I want to use the word “vireo” in a poem. I want a sentence that does not begin with “I” and has nothing to do with want, regardless of the words it uses. In the morning, walking away from the horses, wondering what, if anything, the crows have to do with me.

The prose is now through with me? There is distance and there is false distance, which is the illusion of distance in which we are all complicit, as servants of “The Man.” In a sense, yes, I have shoes and wear them but in another, no, I have gone shoeless for decades and shall go to my grave thusly.

Like that? The order by which the family alludes to me – allows reference to me – is no longer an order in which I have any influence. One walks for hours through a pine forest that was once a sheep pasture, where now and again one remembers the distinction.

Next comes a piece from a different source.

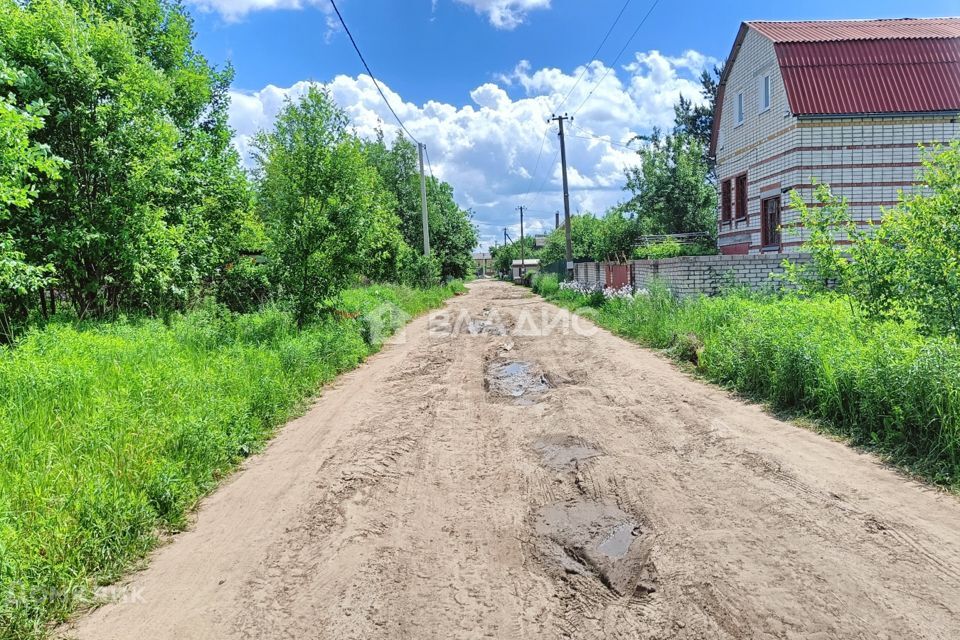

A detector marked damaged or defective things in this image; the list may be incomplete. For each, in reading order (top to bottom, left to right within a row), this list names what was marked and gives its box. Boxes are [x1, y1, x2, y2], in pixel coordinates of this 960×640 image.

Manages the reflection? If you could only see the way your questions are a form of begging for a preferred answer, then you would know peace (or something like it, something near to it). In the bar on Friday I was lost, and scared because I was lost, and angry because I was scared.

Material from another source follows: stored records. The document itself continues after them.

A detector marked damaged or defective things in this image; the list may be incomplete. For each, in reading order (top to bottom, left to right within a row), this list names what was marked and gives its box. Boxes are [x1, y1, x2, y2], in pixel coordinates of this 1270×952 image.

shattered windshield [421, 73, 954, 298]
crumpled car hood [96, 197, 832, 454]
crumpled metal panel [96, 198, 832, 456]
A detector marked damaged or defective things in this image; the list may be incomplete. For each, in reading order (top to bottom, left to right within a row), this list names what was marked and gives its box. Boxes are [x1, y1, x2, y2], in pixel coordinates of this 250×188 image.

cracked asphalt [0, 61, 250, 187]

Amen. The chimney collapses, or starts to collapse. There is this ongoing need for moonlight, for knowing where precisely the moon has gone, which is a way of being in relationship with the sky, and with distance.

Or did I say that already? Baudrillard warns us that the system is too strong, resistance is futile, and even the rebellion becomes fodder for its ongoing blossoming. A cancer cell, a pretty dell, a resignation to the sound of “oh well.”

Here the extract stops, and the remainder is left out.